Are there differences in efficacy and safety between local and imported direct-acting antiviral agents for hepatitis C in China?

Background: Despite price advantages, local direct-acting antiviral agents (DAAs) for hepatitis C (hep C) have not been widely used in China compared with the imported ones. There is no evidence on their relative efficacy and safety, nor whether the small market share of local DAAs was attributable to the potential differences.

Methods: This study systematically evaluated the efficacy and safety evidence of 5 local and 6 imported DAAs with valid Chinese registration numbers as of January 25, 2024. Meta-analyses, subgroup analyses and meta-regressions were performed to synthesize evidence and compared the outcomes by using the random-effects empirical Bayes model.

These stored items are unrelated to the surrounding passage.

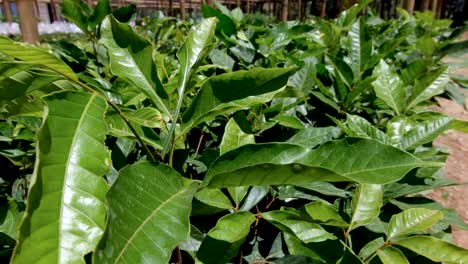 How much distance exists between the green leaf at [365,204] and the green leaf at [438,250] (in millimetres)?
80

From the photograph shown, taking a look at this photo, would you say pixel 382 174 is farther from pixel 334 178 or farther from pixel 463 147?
pixel 463 147

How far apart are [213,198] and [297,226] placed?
0.16 metres

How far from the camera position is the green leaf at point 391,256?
72 cm

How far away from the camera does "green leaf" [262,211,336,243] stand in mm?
723

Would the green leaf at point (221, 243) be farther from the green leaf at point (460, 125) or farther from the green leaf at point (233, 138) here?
the green leaf at point (460, 125)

Results: Nineteen randomized controlled trials and 82 single-arm trials (SATs) were included. The results demonstrated no statistically significant difference in 12-week sustained virological response [0.97, (95% confidence interval (CI) 0.95, 0.99) vs 0.96, (95% CI: 0.94, 0.98), P = 0.21], relapse [0.02, (95% CI: 0.01, 0.04) vs 0.02, (95% CI: 0.01, 0.03), P = 0.65], virological breakthrough [0.003, (95% CI: < 0.001, 0.02) vs 0.0000002, (95% CI: < 0.001, 0.0006), P = 0.51] and serious adverse events (SAEs) [0.04, (95% CI: 0.03, 0.06) vs 0.03, (95% CI: 0.02, 0.03), P = 0.12] between local and imported DAAs. By controlling for ethnicities of patients in multiple meta-regression, the local DAAs had a 33.7% higher rate of adverse events (AEs) [0.337, (95% CI: 0.188, 0.486), P < 0.001]. No statistically significant difference was found in the interaction test between local and imported pan-genotypic DAAs regarding the rate of AEs [0.72, (95% CI: 0.64, 0.79) vs 0.73, (95% CI: 0.65, 0.50), P = 0.81].

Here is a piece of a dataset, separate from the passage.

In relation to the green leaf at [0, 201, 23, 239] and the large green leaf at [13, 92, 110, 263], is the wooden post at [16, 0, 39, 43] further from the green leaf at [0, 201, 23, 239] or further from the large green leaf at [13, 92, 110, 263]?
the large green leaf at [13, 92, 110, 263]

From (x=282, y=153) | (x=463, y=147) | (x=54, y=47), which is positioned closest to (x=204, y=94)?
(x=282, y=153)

Conclusions: Current evidence demonstrates no statistically significant differences in efficacy and SAEs between local and imported DAAs. Given that simplified pan-genotypic DAA regimens are now standard care, local pan-genotypic DAAs hold potential to increase hepatitis C virus treatment rates in China. It is critical for local DAA developers to generate more evidence with expanded patient population in terms of age, treatment experience and genotype of hepatitis C virus, conducting head-to-head studies directly comparing the efficacy and safety. Clinical and policy decision-making should be adaptive and evolve as new evidence is generated.